§ Exercise
In this exercise, retype exactly and only the lines from the top of the entries below through the line that holds "Populaire terracotta diep", omitting pictures.

─── Stored data

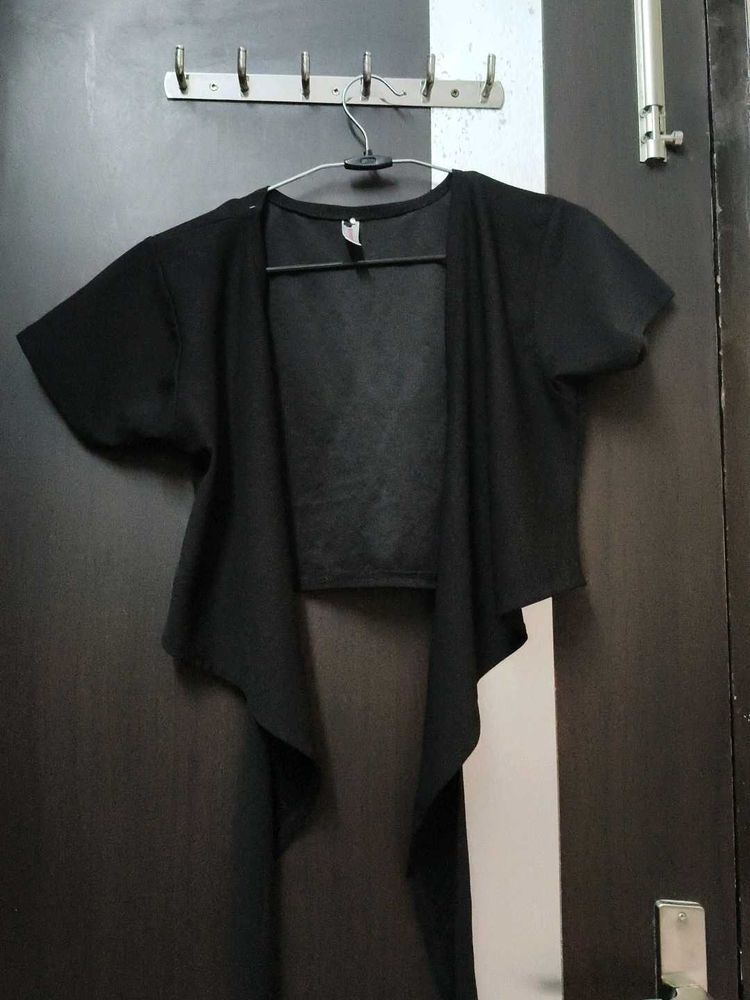 Black Open Front Cardigan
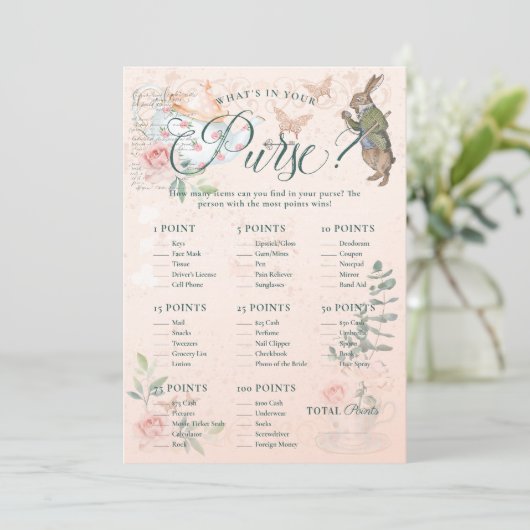 Wat zit er in je tas? Vrijgezellenfeest game Kaart (Staand voorkant)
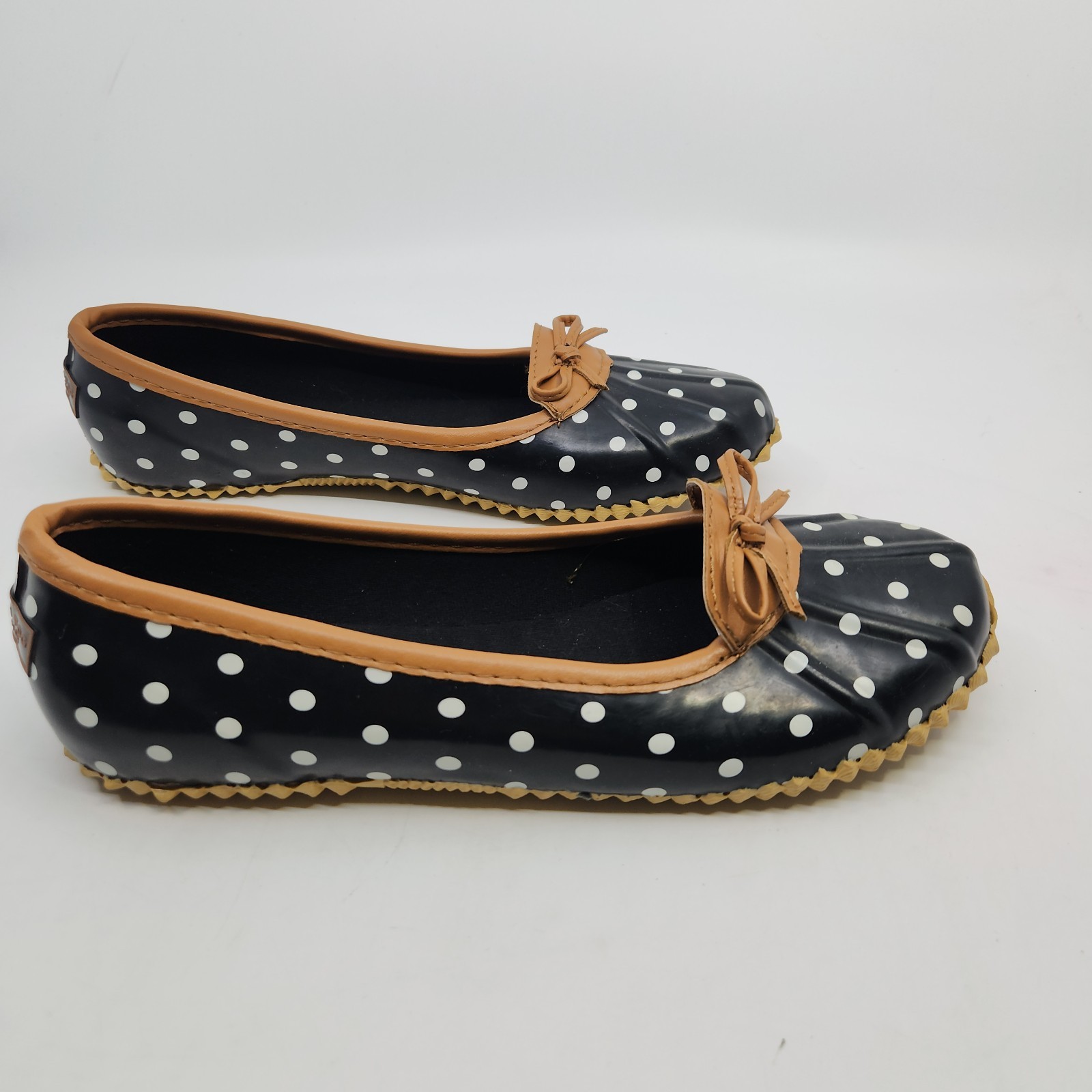 London Fog Womens Navy Webster Water-Resistant Shoes Size 8M Ballet Rain Flats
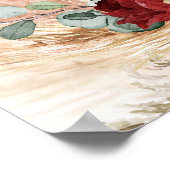 Populaire terracotta diep rode bloemensalie Welkom Poster (Hoek)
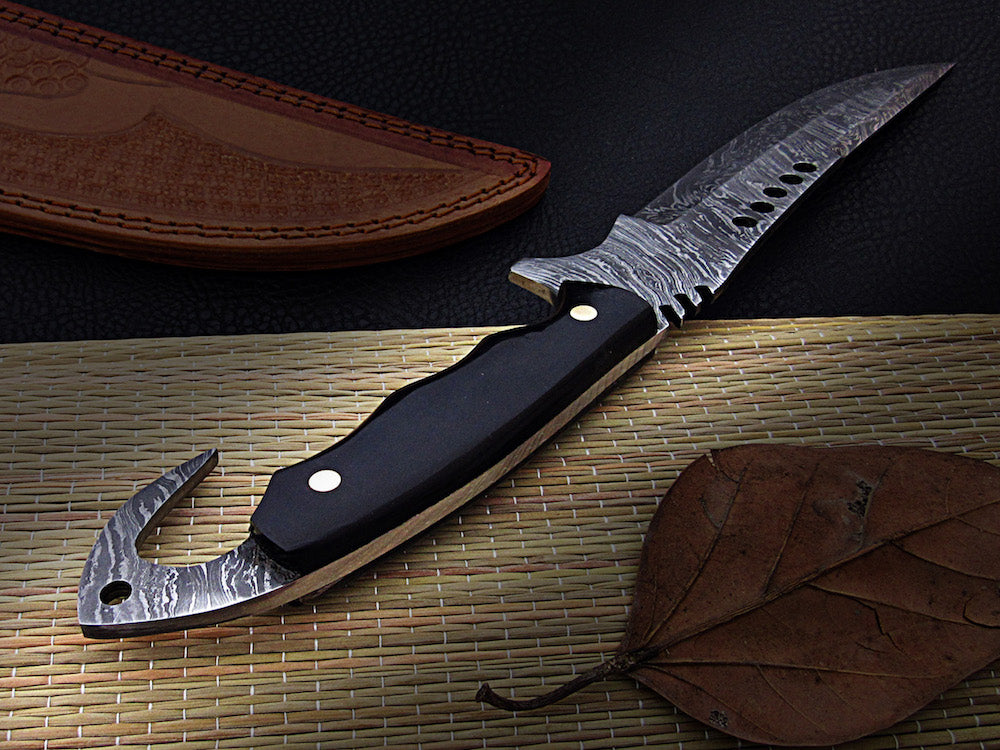 13″ Custom made Damascus Steel full tang Knife with Buffalo Horn Handle - NB CUTLERY LTD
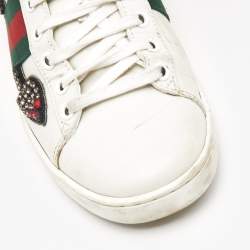 Gucci White Leather Ace Arrow Applique Low Top Sneakers Size 36.5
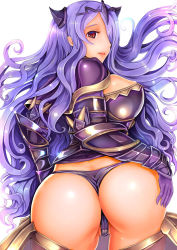 Rule 34 | 1girl, armor, ass, breasts, cameltoe, camilla (fire emblem), curly hair, fire emblem, fire emblem fates, from behind, gloves, hair over one eye, hand on own ass, huge breasts, long hair, looking back, nintendo, open mouth, purple gloves, purple hair, red eyes, simple background, solo, teruru, thong, very long hair, wavy hair, wedgie, white background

──────

§ Written answer
 Black Open Front Cardigan
 Wat zit er in je tas? Vrijgezellenfeest game Kaart (Staand voorkant)
 London Fog Womens Navy Webster Water-Resistant Shoes Size 8M Ballet Rain Flats
 Populaire terracotta diep rode bloemensalie Welkom Poster (Hoek)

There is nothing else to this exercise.